Given the observed$$\mathbf{x}$$, our hidden variables are$$\mathbf{z} = {\mathbf{\mu}, \mathbf{c}}$$. Hence the evidence integral is

$$
p(\mathbf{x}) = \sum\_{c\_i}\int p(\mathbf{\mu}) \prod\_{i=1}^n p(x\_i|c\_i, \mathbf{\mu})  p(c\_i) \text{d}\mathbf{\mu} \\
\= \sum\_{c\_i}p(c\_i)\int p(\mathbf{\mu}) \prod\_{i=1}^n p(x\_i|c\_i, \mathbf{\mu})  \text{d}\mathbf{\mu}
$$

### The evidence lower bound (ELBO)

In variational inference, we specify a family $$\mathscr{L}$$ of density over the hidden variables. Our goal is to find the best $$q(\mathbf{z}) \in \mathscr{L}$$ with the smallest KL divergence to the posterior density. Inference becomes a problem of optimization

$$
q^\*(\mathbf{z})=\arg\min\_{q(\mathbf{z}) \in \mathscr{L}} KL(q(\mathbf{z})||p(\mathbf{z}|\mathbf{x}))
$$

$$q^\*(\mathbf{z})$$ is the best approximation of $$p(\mathbf{z}|\mathbf{x})$$ . Based on the definition of KL divergence

$$
KL(q(\mathbf{z})||p(\mathbf{z}|\mathbf{x})) = \mathbb{E}\[\log q(\mathbf{z})] - \mathbb{E}\[\log p(\mathbf{z}|\mathbf{x})]\\
\= \mathbb{E}\[\log q(\mathbf{z})] - \mathbb{E}\[\log \frac{p(\mathbf{z},\mathbf{x})}{p(\mathbf{x})}]\\
\= \mathbb{E}\[\log q(\mathbf{z})] - \mathbb{E}\[\log  p(\mathbf{z},\mathbf{x})] + \mathbb{E}\[\log p(\mathbf{x})]
$$

Because all expectation are taken with respect to $$\mathbf{z}$$ , $$\mathbb{E}\[\log p(\mathbf{x})] = \log p(\mathbf{x})$$. So this KL divergence requires the computation of $$p(\mathbf{x})$$ again, which is not trackable.

Instead of compute KL directly, we optimize an alternative objective that is equivalent to KL adding a constant

$$
\text{ELBO}(q) = \mathbb{E}\[\log  p(\mathbf{z},\mathbf{x})] - \mathbb{E}\[\log q(\mathbf{z})]
$$

This function is called evidence lower bound (ELBO). It is clear that $$\text{ELBO} = - \text{KL} + \log p(\mathbf{x})$$ . Since $$\log p(\mathbf{x})$$ is a constant with respect to $$q(\mathbf{z})$$ , maximizing ELBO is equivalent to minimizing KL.
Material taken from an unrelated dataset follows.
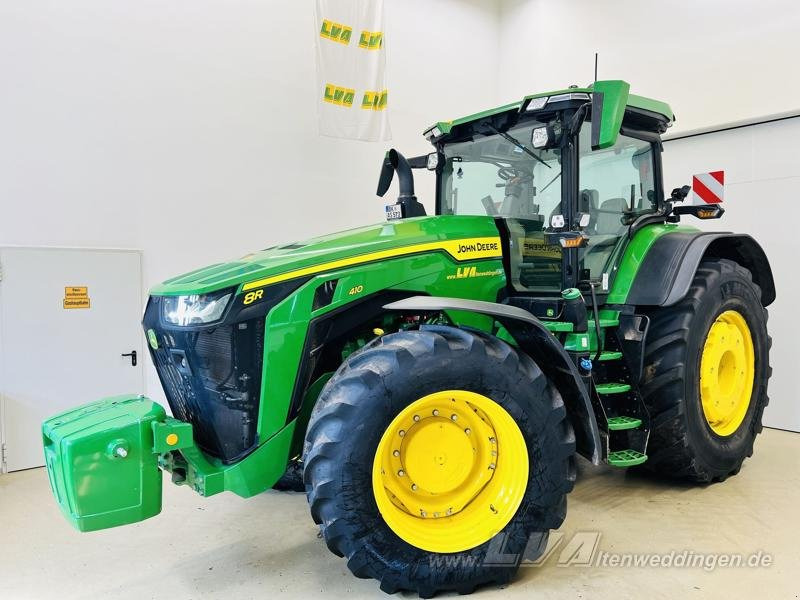 John Deere 8R 410 - Máy cày: hình 1 John Deere 8R 410 - Máy cày: hình 1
We rewrite the formula of ELBO as a sum of log likelihood of data and KL divergence between $$q(\mathbf{z})$$and $$p(\mathbf{z})$$&#x20;

$$
\text{ELBO}(q) = \mathbb{E}\[\log  p(\mathbf{z},\mathbf{x})] - \mathbb{E}\[\log q(\mathbf{z})]\\
\=\mathbb{E}\[\log  p(\mathbf{x}|\mathbf{z})p(\mathbf{z})] - \mathbb{E}\[\log q(\mathbf{z})]\\
\=\mathbb{E}\[\log  p(\mathbf{x}|\mathbf{z})] + \mathbb{E}\[\log p(\mathbf{z})] - \mathbb{E}\[\log q(\mathbf{z})]\\
\=\mathbb{E}\[\log  p(\mathbf{x}|\mathbf{z})] - \text{KL}\[q(\mathbf{z})||p(\mathbf{z})]
$$

#### What does ELBO mean?

1. $$\mathbb{E}\[\log  p(\mathbf{x}|\mathbf{z})]$$is the expected log-likelihood. It encourages the densities of hidden variables to explain the observed data.
2. $$- \text{KL}\[q(\mathbf{z})||p(\mathbf{z})]$$ is the the negative KL divergence between the variational density and the prior. It encourages the density close to the prior.&#x20;

Thus the ELBO mirrors the usual **balance between likelihood and prior**.